The morning of March 27, 1836, Palm Sunday, Mexican guards told the prisoners to gather their personal items and form three companies. Escorted between double columns down three separate roads, one group was told they were going to gather wood, another that they were being taken to drive cattle, and the third that they were being escorted to Port Cabano in order to be deported to the United States. Five minutes later, the three companies were halted. On each road, one column of Mexican soldiers crossed through the line of prisoners to join their comrades on the other side. The full guard then raised their rifles in unison and shot the horror-stricken prisoners point-blank.
Those who did not die immediately were clubbed and stabbed. Some were able to break and run but were easily hunted down. A lucky few succeeded in feigning death and crawled to safety after their would-be executioners had returned to the fort. Thirty-nine Texians who had stayed behind, having been wounded in battle and unable to march, were gathered before the chapel and shot inside the fort.
Forced to witness the massacre of his men, Colonel Fannin’s execution was saved for last. Fannin presented three requests: to be shot in the heart and not the face, to have his personal effects sent to his family, and to be given a Christian burial. The Mexican soldiers then shot him in the face, divided his belongings among themselves, and burned his body along with other Texians killed that day.
Three hundred forty-two men were executed that Palm Sunday, their bodies either left where they lay or partially burned, their remains worried by dogs and wolves over the next several weeks as the revolution was played out. Local women stripped the bodies in order to wash, mend, and reuse the clothing. Witnesses say the river turned red with the washing.

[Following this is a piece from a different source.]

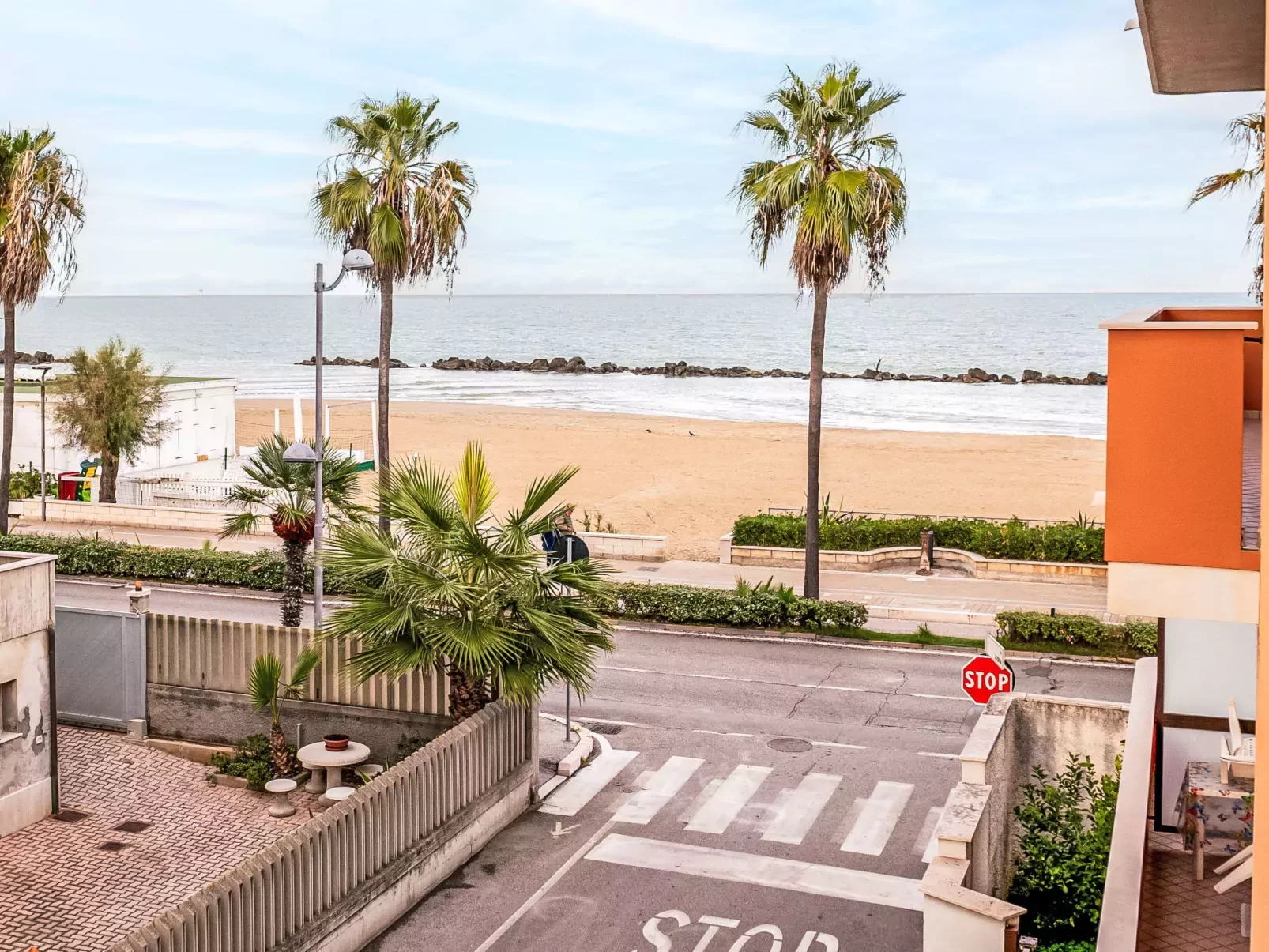 Montesilvano Mare 1-Outside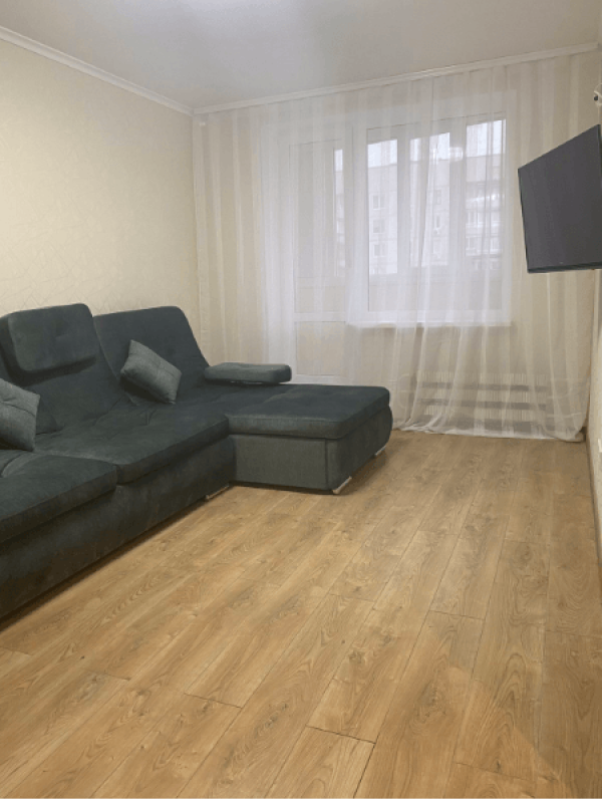Long term rent 1 bedroom-(s) apartment Valentynivska street 15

There were, however, over one hundred prisoners who escaped with their lives. In addition to those who ran or crawled to safety, many Texians were saved by Francisca Alavez, wife, or mistress, of Urrea’s paymaster, who was subsequently dubbed “the Angel of Goliad” for her valiant and passionate efforts in their rescue, as well as by Urrea’s own wife, who was at the fort at the time of the massacre. Mexican Colonel Garay, one of Urrea’s chief officers, also interposed his authority and found excuse of one kind or another to mitigate the slaughter. Physicians and others with medical experience were spared in order to care for the Mexican wounded, and a large group of soldiers who had surrendered to the Mexicans elsewhere were excepted on the technicality that they had surrendered unarmed.
One month later at the Battle of San Jacinto, where Santa Anna was captured and the Texas Revolution won, among the rallying cries of the passionate warriors was “Remember Goliad! Remember La Bahia!” When word came to Goliad of Santa Anna’s capture, the Mexican guard hurriedly attempted to burn the exposed remains before abandoning the fort. These charred bones were subsequently gathered by Texian liberators and buried with Christian service and military honors. A memorial stands at the gravesite today, echoing the final words of the funeral oration made by Texas General Thomas Rusk: “While the names of those whom [Santa Anna] murdered shall soar to the highest pinnacle of fame, his shall sink down into the lowest depths of infamy and disgrace.”